Its not going to work. Nothing can stop a bunch of hungry hyenas' looking for fresh meat.


----------



## Big Mom (Apr 30, 2011)

I agree with Raven Rider. chances are even if he defends himself, no one will come back in and change. Many people are the "post a vote leave until next day phase" types.


----------



## Hero (May 1, 2011)

Wow I come back and this game has only moved one page.

Hiruzen, I think the users in your game are trying to tell you something!

Hey! Evry'bodys doing it! 

*[Vote Lynch Green Beast]*


----------



## Awesome (May 1, 2011)

Mainly because you should only use one shots when you need to, HS.


----------



## Big Mom (May 1, 2011)

Don't make me modkill you Fireworks.


----------



## Hero (May 1, 2011)

Hiruzen Sarutobi said:


> Don't make me modkill you Fireworks.



For what? I've posted, and voted.


----------



## Raven Rider (May 1, 2011)

Abusing your powers much eh.


----------



## Big Mom (May 1, 2011)

Fireworks said:


> For what? I've posted, and voted.



For insulting my game.



Raven Rider said:


> Abusing your powers much eh.



You want to be modkilled too?

I MODKILL ALLL!!!!!!!!


----------



## Raven Rider (May 1, 2011)

Nope but I find it entertaining.


----------



## Baroxio (May 1, 2011)

In all seriousness though, someone should really bring back Master Monk Guam. He seemed like he knew some things, and he had a great role for that knowledge. If anyone should be revived, it should be him.
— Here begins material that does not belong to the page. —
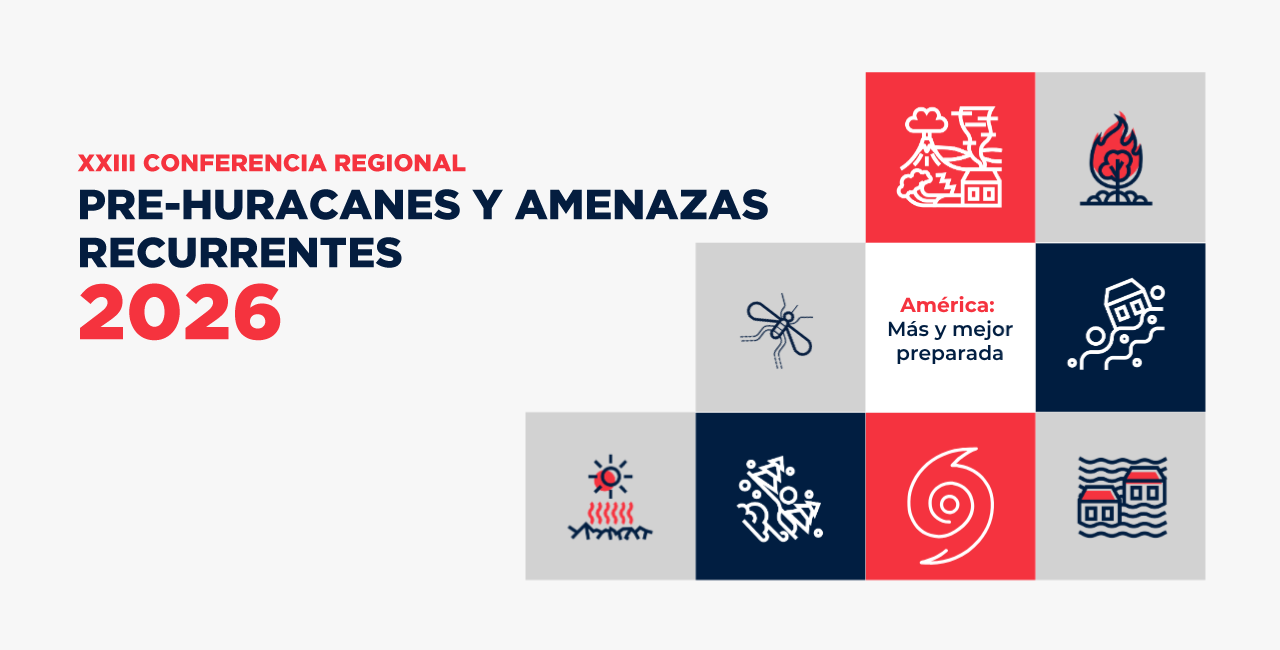 Mesa de trabajo 3 copia 2FINAL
Furthermore, it seems a little contrived that a protector that powerful would get taken out so easily. He was roleblocked by Sibini's Possesion, and then lynched when Sibini died.

Was this just LB taking a pot shot, or could this have been planned from the onset by an overactive mafia? Truly, this bugs me. While we townies town, the mafia seems so much more organized than we are.

Who are our investigators? Jermain gained the power to investigate, we should be able to investigate a good number of suspicious people. If we don't start acting serious, we're going to lose, and rather easily.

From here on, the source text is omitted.